New Dutch Colonies wrote:Husseinarti wrote:
Blitzkrieg is a made up term that the Germans never used.
Its a buzzword used by post-WW2 Wheraboos to try to make the term "Combined Arms" sound cool because :German:
When, by 1944, the Americans were doing Combined Arms better than whatever Rommel to Guderian could have dreamed of.
Made up term =/= a term with no meaning. Generally speaking it could be seen as a rapid overrunning of places of strategic importance.
No.
You're still wrong. gg no re
Bewegungskrieg is a better term and is the basis for the development of German combined arms warfare, which utilized developing tactics regarding tank and mobile infantry formations. It was adopted to the concept of Bewegungskrieg as it shaped the idea of Kesselschlacht, or cauldron battle, also known encircle and destroy.
Blitzkrieg appeared in some German manuals in the 1930s and was rarely, if ever used by military officals and only took off because of Western journalism during the war.
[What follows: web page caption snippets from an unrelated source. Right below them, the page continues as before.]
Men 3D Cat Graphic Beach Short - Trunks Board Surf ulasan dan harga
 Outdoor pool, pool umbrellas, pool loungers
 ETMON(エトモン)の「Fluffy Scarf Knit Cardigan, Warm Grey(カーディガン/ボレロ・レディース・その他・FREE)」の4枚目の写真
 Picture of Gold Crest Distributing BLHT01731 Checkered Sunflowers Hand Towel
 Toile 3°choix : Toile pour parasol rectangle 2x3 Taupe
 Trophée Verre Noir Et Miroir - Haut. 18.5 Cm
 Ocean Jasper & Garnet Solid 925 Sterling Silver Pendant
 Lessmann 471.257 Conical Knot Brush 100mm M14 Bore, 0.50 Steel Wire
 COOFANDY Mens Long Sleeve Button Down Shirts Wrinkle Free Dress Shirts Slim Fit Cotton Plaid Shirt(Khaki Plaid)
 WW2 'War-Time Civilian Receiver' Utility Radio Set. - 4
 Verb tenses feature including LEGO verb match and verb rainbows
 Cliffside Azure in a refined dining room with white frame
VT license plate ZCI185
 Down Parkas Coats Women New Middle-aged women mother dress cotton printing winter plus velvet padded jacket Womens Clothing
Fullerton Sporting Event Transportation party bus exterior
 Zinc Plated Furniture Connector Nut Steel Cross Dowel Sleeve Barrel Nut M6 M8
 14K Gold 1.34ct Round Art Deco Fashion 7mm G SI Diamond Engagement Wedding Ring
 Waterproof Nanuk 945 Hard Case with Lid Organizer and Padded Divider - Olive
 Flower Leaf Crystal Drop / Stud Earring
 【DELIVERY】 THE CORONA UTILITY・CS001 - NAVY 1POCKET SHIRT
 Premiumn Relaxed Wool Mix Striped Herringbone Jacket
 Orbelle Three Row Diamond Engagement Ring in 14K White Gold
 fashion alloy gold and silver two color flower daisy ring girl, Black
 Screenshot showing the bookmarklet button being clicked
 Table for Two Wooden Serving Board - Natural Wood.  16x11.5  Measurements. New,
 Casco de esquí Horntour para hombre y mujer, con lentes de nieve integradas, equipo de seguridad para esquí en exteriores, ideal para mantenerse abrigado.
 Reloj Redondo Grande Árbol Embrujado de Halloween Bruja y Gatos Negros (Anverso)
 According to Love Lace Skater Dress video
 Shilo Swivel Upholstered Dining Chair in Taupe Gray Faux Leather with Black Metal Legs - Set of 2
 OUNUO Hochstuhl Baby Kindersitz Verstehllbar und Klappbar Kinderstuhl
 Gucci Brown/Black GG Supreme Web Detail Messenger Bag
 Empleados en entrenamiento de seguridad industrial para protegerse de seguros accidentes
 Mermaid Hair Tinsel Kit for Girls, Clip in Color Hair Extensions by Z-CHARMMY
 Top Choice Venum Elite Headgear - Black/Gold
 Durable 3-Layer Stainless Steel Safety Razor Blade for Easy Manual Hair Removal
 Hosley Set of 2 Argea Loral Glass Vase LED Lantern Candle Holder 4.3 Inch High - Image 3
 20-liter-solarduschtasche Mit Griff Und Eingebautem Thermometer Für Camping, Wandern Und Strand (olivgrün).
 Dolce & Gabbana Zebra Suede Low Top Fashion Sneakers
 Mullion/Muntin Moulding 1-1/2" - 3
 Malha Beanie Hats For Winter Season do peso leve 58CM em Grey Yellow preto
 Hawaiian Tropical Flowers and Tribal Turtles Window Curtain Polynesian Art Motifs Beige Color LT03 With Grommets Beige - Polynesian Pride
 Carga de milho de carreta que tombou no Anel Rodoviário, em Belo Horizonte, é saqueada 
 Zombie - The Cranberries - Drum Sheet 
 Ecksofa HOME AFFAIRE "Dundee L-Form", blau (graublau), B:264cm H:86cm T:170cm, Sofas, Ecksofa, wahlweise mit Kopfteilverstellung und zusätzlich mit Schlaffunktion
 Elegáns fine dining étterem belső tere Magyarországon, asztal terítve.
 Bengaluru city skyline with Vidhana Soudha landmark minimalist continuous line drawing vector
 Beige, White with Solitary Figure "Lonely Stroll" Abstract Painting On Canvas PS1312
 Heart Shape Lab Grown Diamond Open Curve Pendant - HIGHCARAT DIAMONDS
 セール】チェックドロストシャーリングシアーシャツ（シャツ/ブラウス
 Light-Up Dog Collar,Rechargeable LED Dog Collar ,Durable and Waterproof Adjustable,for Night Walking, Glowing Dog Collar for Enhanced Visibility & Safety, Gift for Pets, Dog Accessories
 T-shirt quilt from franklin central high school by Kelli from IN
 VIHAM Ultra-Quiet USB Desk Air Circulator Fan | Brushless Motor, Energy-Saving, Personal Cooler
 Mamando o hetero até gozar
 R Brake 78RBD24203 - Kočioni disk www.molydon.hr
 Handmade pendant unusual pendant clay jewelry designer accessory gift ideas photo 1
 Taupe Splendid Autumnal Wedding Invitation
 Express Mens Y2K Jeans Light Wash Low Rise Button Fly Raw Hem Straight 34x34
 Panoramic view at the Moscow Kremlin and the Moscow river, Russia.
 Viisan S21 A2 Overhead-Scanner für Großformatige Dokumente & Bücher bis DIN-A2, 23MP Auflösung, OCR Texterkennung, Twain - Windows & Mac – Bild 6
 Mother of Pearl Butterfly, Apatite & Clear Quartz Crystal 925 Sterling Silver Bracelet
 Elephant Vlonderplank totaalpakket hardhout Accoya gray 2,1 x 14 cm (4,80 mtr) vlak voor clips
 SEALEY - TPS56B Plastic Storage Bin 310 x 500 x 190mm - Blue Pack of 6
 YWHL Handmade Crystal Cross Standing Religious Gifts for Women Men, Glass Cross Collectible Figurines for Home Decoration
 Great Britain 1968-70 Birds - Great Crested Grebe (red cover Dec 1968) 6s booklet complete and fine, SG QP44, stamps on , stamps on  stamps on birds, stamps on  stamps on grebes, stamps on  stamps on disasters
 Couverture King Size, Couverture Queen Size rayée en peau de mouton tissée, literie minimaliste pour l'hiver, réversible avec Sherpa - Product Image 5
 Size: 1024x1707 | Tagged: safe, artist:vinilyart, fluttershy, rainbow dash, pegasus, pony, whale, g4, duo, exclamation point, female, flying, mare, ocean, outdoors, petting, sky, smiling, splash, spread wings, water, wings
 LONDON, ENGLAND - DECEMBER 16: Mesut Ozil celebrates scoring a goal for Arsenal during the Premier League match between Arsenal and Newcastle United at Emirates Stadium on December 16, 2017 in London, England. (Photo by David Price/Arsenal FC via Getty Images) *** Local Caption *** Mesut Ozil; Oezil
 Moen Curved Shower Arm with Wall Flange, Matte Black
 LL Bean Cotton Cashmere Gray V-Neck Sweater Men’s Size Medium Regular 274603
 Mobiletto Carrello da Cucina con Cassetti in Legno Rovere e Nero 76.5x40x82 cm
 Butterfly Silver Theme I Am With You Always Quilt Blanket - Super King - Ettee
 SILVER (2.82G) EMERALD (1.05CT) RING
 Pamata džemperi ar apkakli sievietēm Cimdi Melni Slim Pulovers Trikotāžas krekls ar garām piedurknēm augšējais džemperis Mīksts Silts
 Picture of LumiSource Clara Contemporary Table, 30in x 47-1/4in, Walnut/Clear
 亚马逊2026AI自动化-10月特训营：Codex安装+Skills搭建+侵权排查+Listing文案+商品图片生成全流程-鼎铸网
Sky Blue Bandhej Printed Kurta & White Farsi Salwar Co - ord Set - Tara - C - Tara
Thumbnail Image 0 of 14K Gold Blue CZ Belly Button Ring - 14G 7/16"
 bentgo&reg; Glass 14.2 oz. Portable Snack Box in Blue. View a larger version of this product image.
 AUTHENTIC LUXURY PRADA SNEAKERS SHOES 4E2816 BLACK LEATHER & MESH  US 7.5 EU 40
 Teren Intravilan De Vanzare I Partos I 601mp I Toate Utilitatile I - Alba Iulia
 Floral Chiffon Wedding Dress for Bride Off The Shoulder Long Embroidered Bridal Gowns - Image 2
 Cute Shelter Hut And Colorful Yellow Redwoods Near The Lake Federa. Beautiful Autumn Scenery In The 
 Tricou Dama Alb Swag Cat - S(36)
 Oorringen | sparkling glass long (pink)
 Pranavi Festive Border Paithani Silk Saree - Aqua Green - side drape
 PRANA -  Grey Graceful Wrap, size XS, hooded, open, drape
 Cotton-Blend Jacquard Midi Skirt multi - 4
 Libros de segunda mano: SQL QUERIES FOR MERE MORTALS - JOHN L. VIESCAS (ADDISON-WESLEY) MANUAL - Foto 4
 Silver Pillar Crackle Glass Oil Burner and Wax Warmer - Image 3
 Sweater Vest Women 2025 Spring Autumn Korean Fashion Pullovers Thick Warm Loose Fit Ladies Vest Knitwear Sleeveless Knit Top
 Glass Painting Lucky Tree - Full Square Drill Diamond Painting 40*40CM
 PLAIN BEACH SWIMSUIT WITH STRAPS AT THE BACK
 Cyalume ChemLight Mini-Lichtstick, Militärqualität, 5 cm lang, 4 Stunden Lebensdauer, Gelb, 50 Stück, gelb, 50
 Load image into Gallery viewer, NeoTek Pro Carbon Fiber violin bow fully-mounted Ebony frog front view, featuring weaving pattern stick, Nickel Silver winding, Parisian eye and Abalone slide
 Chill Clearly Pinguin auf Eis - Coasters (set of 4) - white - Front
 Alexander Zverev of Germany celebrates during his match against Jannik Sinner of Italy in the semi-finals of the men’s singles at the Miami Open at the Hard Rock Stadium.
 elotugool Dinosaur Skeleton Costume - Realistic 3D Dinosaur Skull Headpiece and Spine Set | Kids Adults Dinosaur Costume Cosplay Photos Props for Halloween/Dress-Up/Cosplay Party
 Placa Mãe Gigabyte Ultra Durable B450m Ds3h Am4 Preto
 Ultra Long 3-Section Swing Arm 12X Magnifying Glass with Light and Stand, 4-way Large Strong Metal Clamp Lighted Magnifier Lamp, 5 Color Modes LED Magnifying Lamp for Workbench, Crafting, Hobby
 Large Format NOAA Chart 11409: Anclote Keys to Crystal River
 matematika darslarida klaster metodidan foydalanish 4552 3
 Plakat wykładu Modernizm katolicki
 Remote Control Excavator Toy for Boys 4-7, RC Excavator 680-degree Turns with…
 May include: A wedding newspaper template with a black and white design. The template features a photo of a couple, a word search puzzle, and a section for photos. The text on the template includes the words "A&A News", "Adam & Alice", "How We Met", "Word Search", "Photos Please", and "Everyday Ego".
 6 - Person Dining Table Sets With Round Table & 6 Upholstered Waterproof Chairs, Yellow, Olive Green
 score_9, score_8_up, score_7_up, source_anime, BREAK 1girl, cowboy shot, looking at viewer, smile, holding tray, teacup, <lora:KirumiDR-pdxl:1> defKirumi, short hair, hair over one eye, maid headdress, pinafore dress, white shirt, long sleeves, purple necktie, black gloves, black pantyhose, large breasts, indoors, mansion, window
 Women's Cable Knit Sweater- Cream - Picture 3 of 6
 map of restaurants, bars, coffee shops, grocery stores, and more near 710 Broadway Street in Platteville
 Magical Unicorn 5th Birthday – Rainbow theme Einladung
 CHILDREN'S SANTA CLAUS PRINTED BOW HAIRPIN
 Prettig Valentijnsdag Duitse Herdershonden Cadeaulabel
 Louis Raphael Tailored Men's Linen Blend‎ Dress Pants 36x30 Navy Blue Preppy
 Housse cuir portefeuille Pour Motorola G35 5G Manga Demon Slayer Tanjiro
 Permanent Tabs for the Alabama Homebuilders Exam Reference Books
The word is relative to fast moving warfare. It was used to mean a fast war in general, both economically and militarily, opposing Ermattungskrieg, or a war of exhaustion. This was to relate to how the rapid and all consuming war would keep the economy growing.
The rapid evolution of the German economy from shit Depression era to booming war economy is more or less thanks to Fascism's fetish with private industry. This artificial boom was on the verge of collasping in 1939, when Hitler committed to the war when really allot of his planning and construction was to be done in the mid 1940s.